A histogram is an SPC tool for tracking the frequency with which an outcome occurs. This is also known as the frequency distribution. It's incredibly useful for comparing two or more variables like time, output, or cost. It's also a great tool for simplifying and analyzing numerical data to show differences between values in a data set. To construct a histogram, start by collecting your data values. Next, plot the graph with its x and y-axis. Finally, mark the data points on the graph and draw a bar.
Stratification is an effective SPC tool for organizing a project. It's the process of categorizing data, objects, and people into separate groups. When different data types are in an unsorted group, it's difficult to identify patterns, trends, and other relationships between variables. Stratification involves grouping similar data values to ease analysis, storage, and retrieval. It's one of SPC's basic quality tools. It's ideal to stratify data before collection and analysis.
The scatter diagram is a graph for identifying relationships between two sets of variables. This SPC tool is ideal when a project involves paired variables. In addition, it's effective for identifying the cause of a problem in a process. To create a scatter diagram, start by collecting the values of the paired variables.
Next, place the independent values on the horizontal and dependent values on the vertical axis. Then, divide the graph into four quadrants and find the difference between the sum of the top-left and bottom-right quadrants and the top-right and bottom-left quadrants. If the result is less than the limit, there's a correlation between the variables. If it's equal to or greater than the limit, there's no proof of correlation.

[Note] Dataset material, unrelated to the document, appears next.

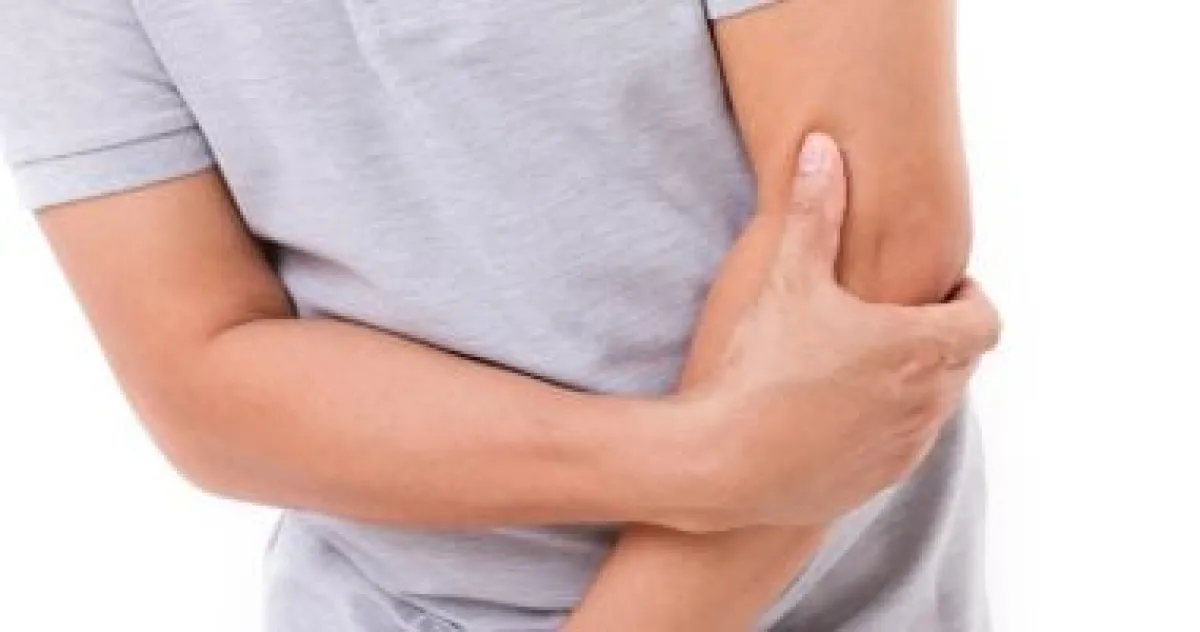 ألم الإبط: الأسباب الشائعة ومتى يصبح زيارة الطبيب ضرورية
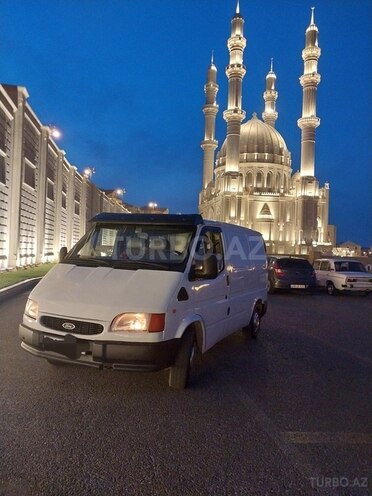 Ford Transit-8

A Pareto chart or diagram is a graph for depicting cost or frequency. The purpose of the chat is to highlight variables in order of their significance. As a result, the chart arranges the bars in order of their height, with the highest bar starting at the left of the chart. This SPC tool is ideal for investigating the frequency of a variable or assessing its impact on an outcome. To create a Pareto diagram, collect the relevant data values, select a measurement scale, and determine the period you want to assess.
In addition to the basic quality tools, there are seven supplementary tools:
Data stratification: This is dividing data values into categories based on similarities they share. This tool is also one of the basic SPC quality tools and is useful for making it easier to collect and analyze data.
Defect map: A defect map is a tool that identifies and shows the location of defects in a product or project. It's a quality control tool that monitors the severity of defects, making it easier to make productive and cost-effective decisions.
Events log: An events log is a document for recording details about the use and activities of a system, process, or application. It's useful for recording sensitive and important data in a central location to facilitate future processes.
Process flowcharts: A process flowchart or diagram is a graphical representation of the steps in a process, following a sequential order. It's a popular tool with multiple uses and is vital for explaining processes to other people like employees or stakeholders.
Progress centre: A progress centre monitors and collects data on a project's progress. The data from the progress centre is useful for several processes, including decision making and auditing.
Randomization: Under SPC, randomization is the process of categorizing values into different groups based on chance. Its purpose is to create an objective environment that can form the basis for subsequent analysis.
Sample size determination: A sample size is the amount of data a project team wants to use for analysis. It's important that the project team determines their sample size as it impacts the analysis process and results.